◆ What you have to do
Without the images, output every record exactly as it appears.
============
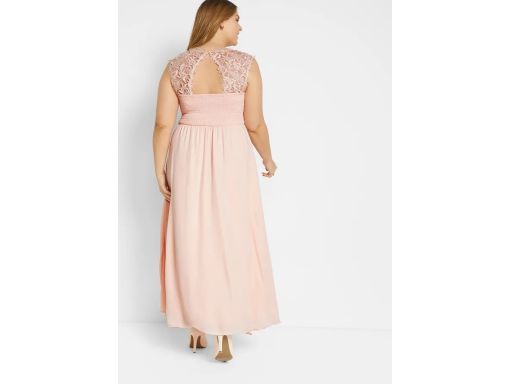 B.P.C sukienka wieczorowa szyfonowa długa maxi z koronką perłowy róż ^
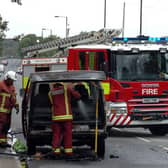 File picture shows South Yorkshire firefighters dealing with a vehicle fire. Officers say a car and a skip were set alight in arson attacks in Sheffield last night (October 10)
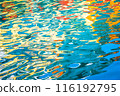 Colorful reflections on water creating an abstract pattern with vibrant hues of blue, yellow, red, and green. 116192795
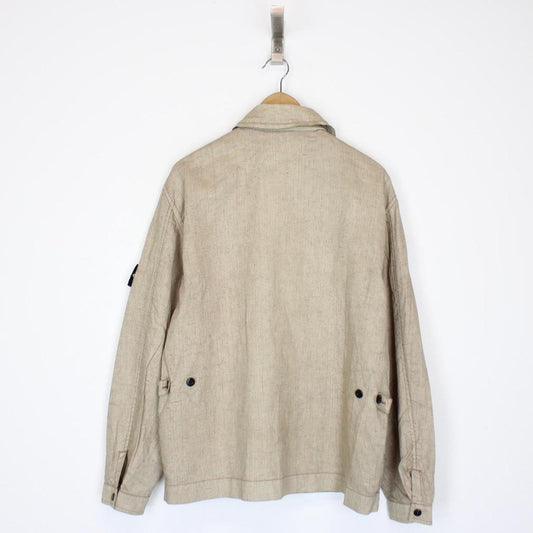 Vintage Stone Island SS 2003 Beige Resin Lino Flax Spalmultra Jacket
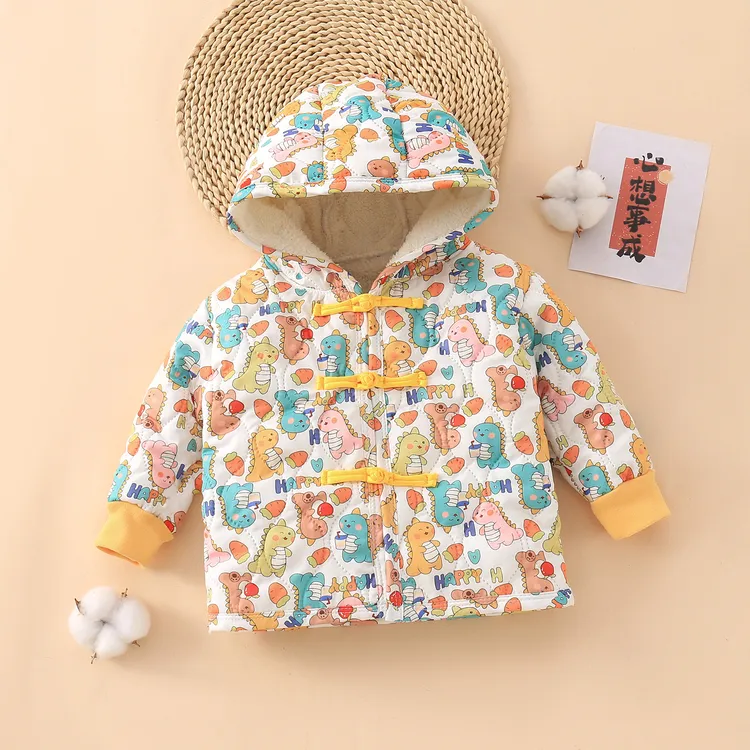 新款宝宝棉袄防风加绒加厚款国风卡通儿童动漫卡通风带帽男童秋冬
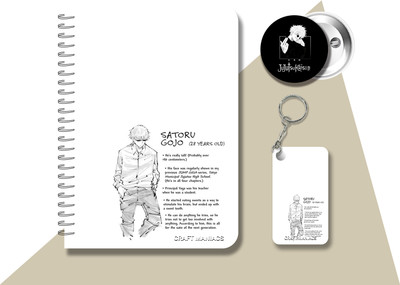 craft maniacs JUJUTSU DIARY & ONE KEYCHAIN & BADGE A5 Notebook RULED 120 Pages(Multicolor)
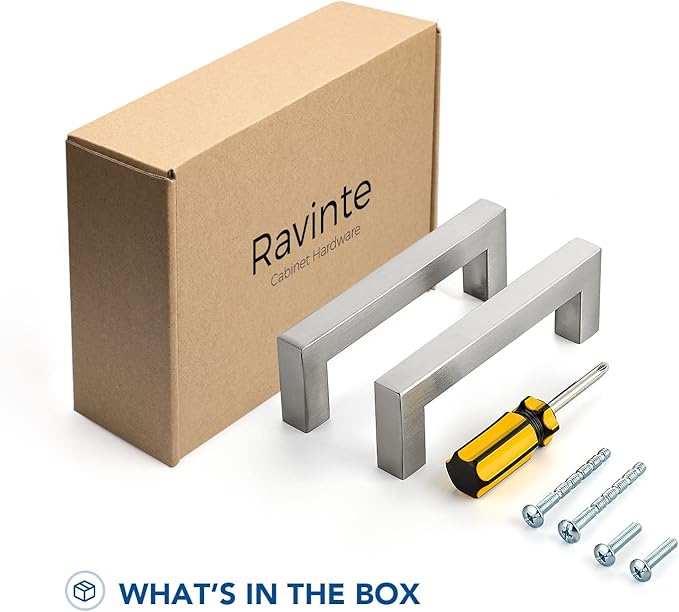 Ravinte 30 Pack Brushed Nickel Kitchen Cabinet Handles 3-3/4 Inch Cabinet Pulls Square Kitchen Hardware for Cabinet Drawer Pulls Drawer Handles Come with Screwdriver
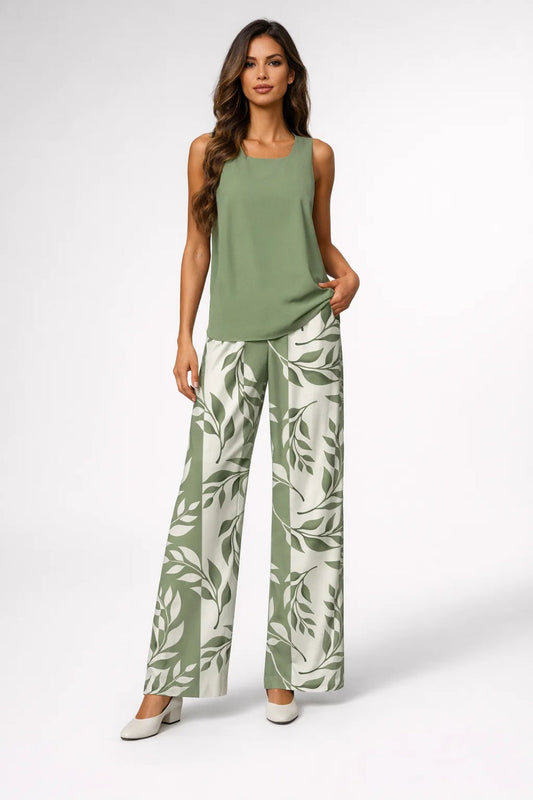 Conjunto de Verano para Mujer de Dos Piezas | Parte Superior Casual Moderna con Pantalones de Pierna Ancha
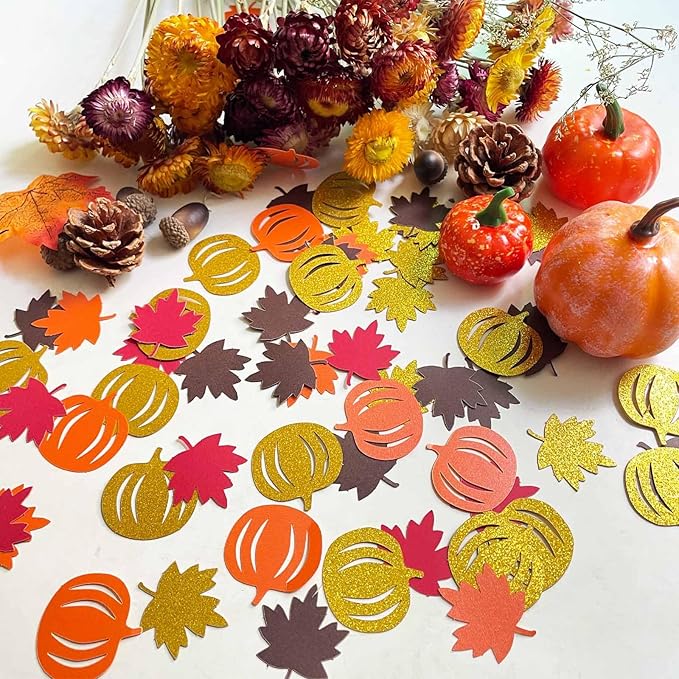 200 Pcs Fall Confetti Glitter Fall Maple Leaf Shape Autumn Thanksgiving Table - Image 2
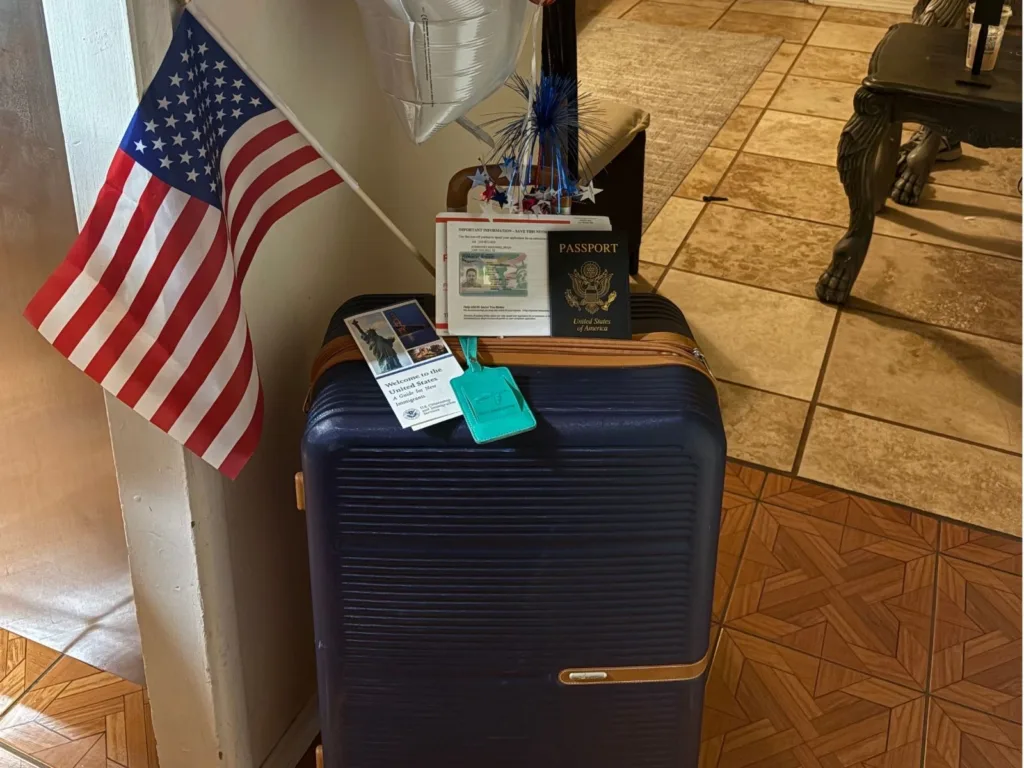 Split image showing Hugo’s Green Card surprise setup and Hugo reacting as he walks through the door and sees the news.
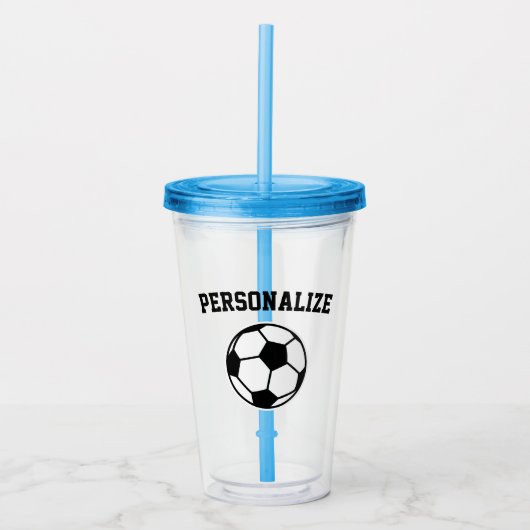 Aangepast voetbal voor acryltumblusglas op een dag acryl drinkbeker (Voorkant)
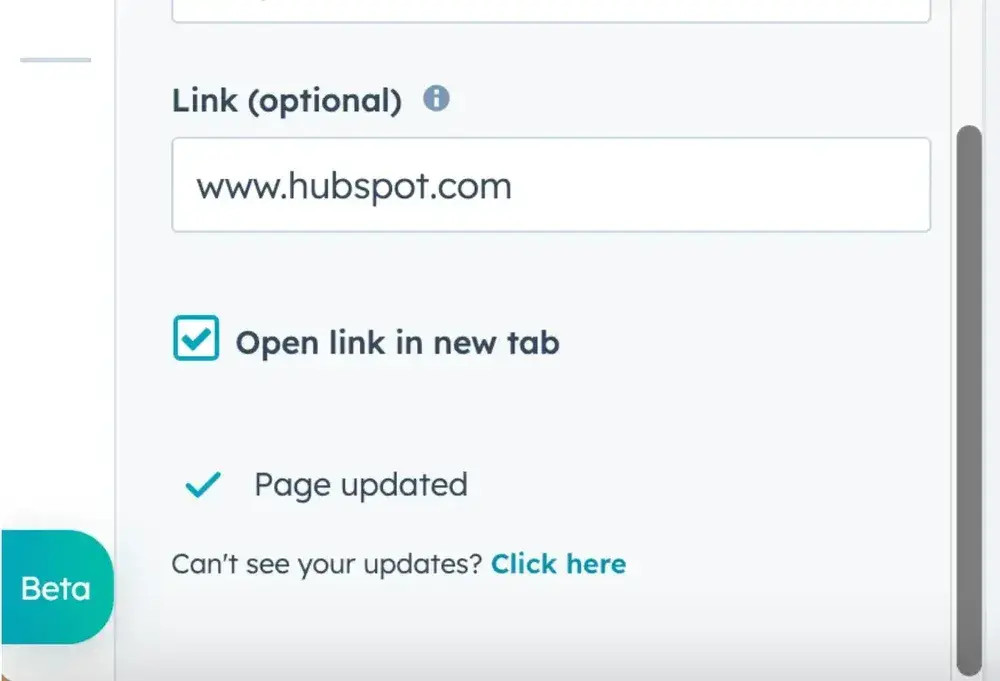 The menu option to add an HTML image link to an image in HubSpot, with the option to open the link in a new tab highlighted.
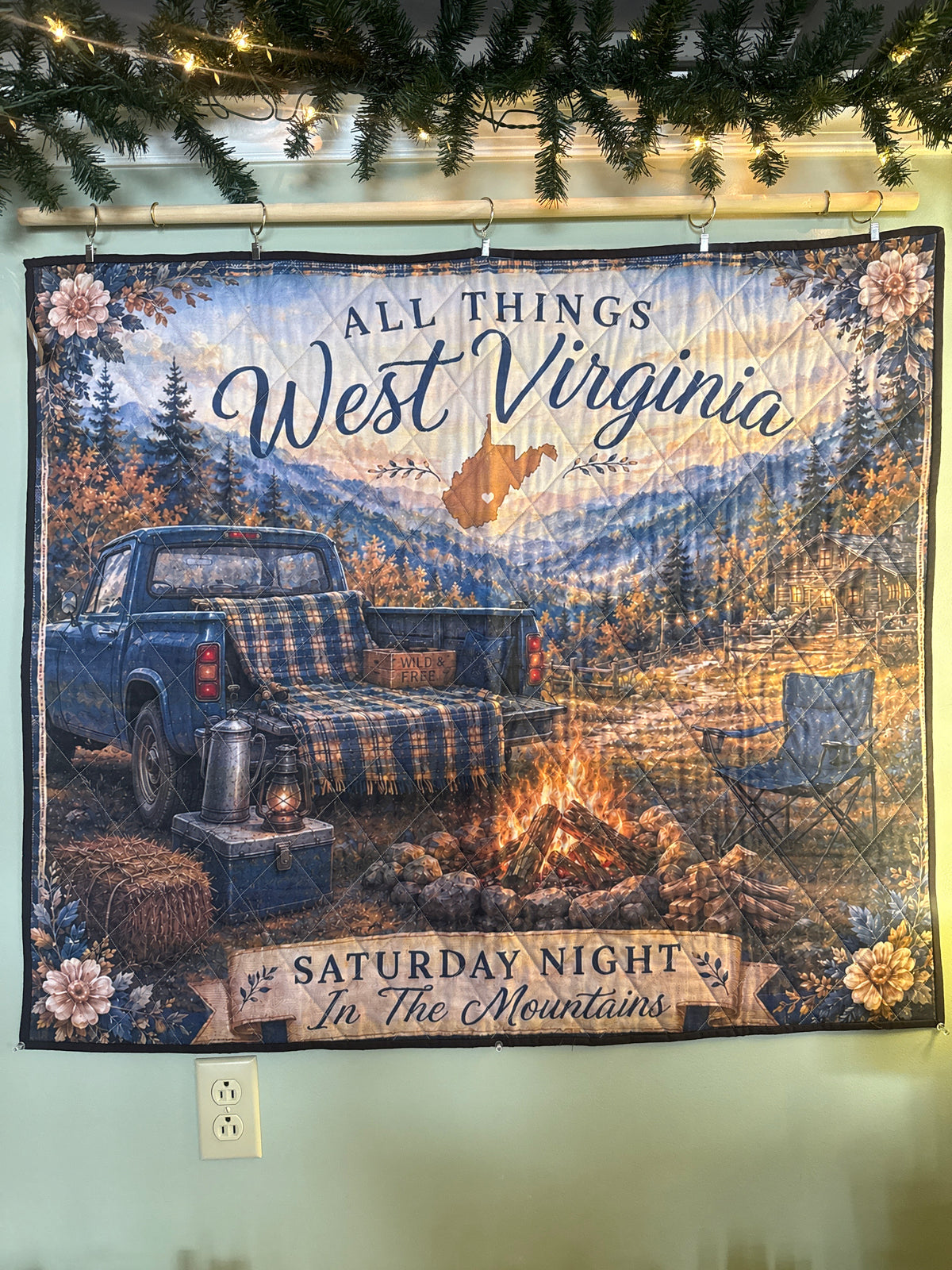 All things West Virginia Saturday night in the mountains quilted wall hanging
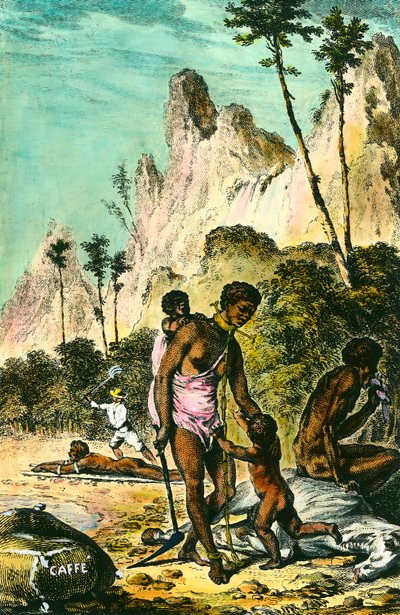 Reise zur Ile de France (heutiges Mauritius): die Arbeit der Sklaven. Ein weißer Ausbeuter peitscht einen am Boden liegenden Sklaven. Eine Frau trägt eine Halskette mit ihrem Fuß. Gravur aus dem 18. Jahrhundert. Private Sammlung. von Anonymous Anonymous
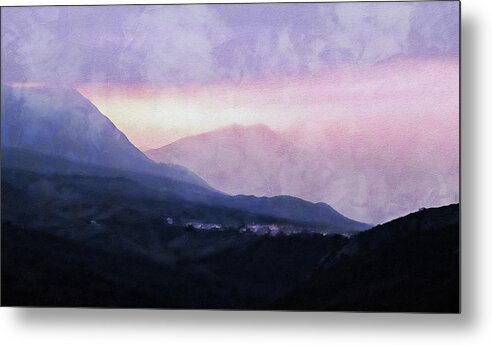 Landscape Of Italy Metal Print featuring the painting Caramanico, Italian Landscape - 04 by AM FineArtPrints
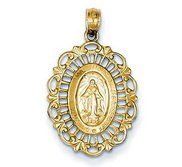 14K Yellow Gold Medium Scalloped Oval Miraculous  Medal Cut Out Pendant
============
◆ Answer for the task
 B.P.C sukienka wieczorowa szyfonowa długa maxi z koronką perłowy róż ^
 File picture shows South Yorkshire firefighters dealing with a vehicle fire. Officers say a car and a skip were set alight in arson attacks in Sheffield last night (October 10)
 Colorful reflections on water creating an abstract pattern with vibrant hues of blue, yellow, red, and green. 116192795
 Vintage Stone Island SS 2003 Beige Resin Lino Flax Spalmultra Jacket
 新款宝宝棉袄防风加绒加厚款国风卡通儿童动漫卡通风带帽男童秋冬
 craft maniacs JUJUTSU DIARY & ONE KEYCHAIN & BADGE A5 Notebook RULED 120 Pages(Multicolor)
 Ravinte 30 Pack Brushed Nickel Kitchen Cabinet Handles 3-3/4 Inch Cabinet Pulls Square Kitchen Hardware for Cabinet Drawer Pulls Drawer Handles Come with Screwdriver
 Conjunto de Verano para Mujer de Dos Piezas | Parte Superior Casual Moderna con Pantalones de Pierna Ancha
 200 Pcs Fall Confetti Glitter Fall Maple Leaf Shape Autumn Thanksgiving Table - Image 2
 Split image showing Hugo’s Green Card surprise setup and Hugo reacting as he walks through the door and sees the news.
 Aangepast voetbal voor acryltumblusglas op een dag acryl drinkbeker (Voorkant)
 The menu option to add an HTML image link to an image in HubSpot, with the option to open the link in a new tab highlighted.
 All things West Virginia Saturday night in the mountains quilted wall hanging
 Reise zur Ile de France (heutiges Mauritius): die Arbeit der Sklaven. Ein weißer Ausbeuter peitscht einen am Boden liegenden Sklaven. Eine Frau trägt eine Halskette mit ihrem Fuß. Gravur aus dem 18. Jahrhundert. Private Sammlung. von Anonymous Anonymous
 Landscape Of Italy Metal Print featuring the painting Caramanico, Italian Landscape - 04 by AM FineArtPrints
 14K Yellow Gold Medium Scalloped Oval Miraculous  Medal Cut Out Pendant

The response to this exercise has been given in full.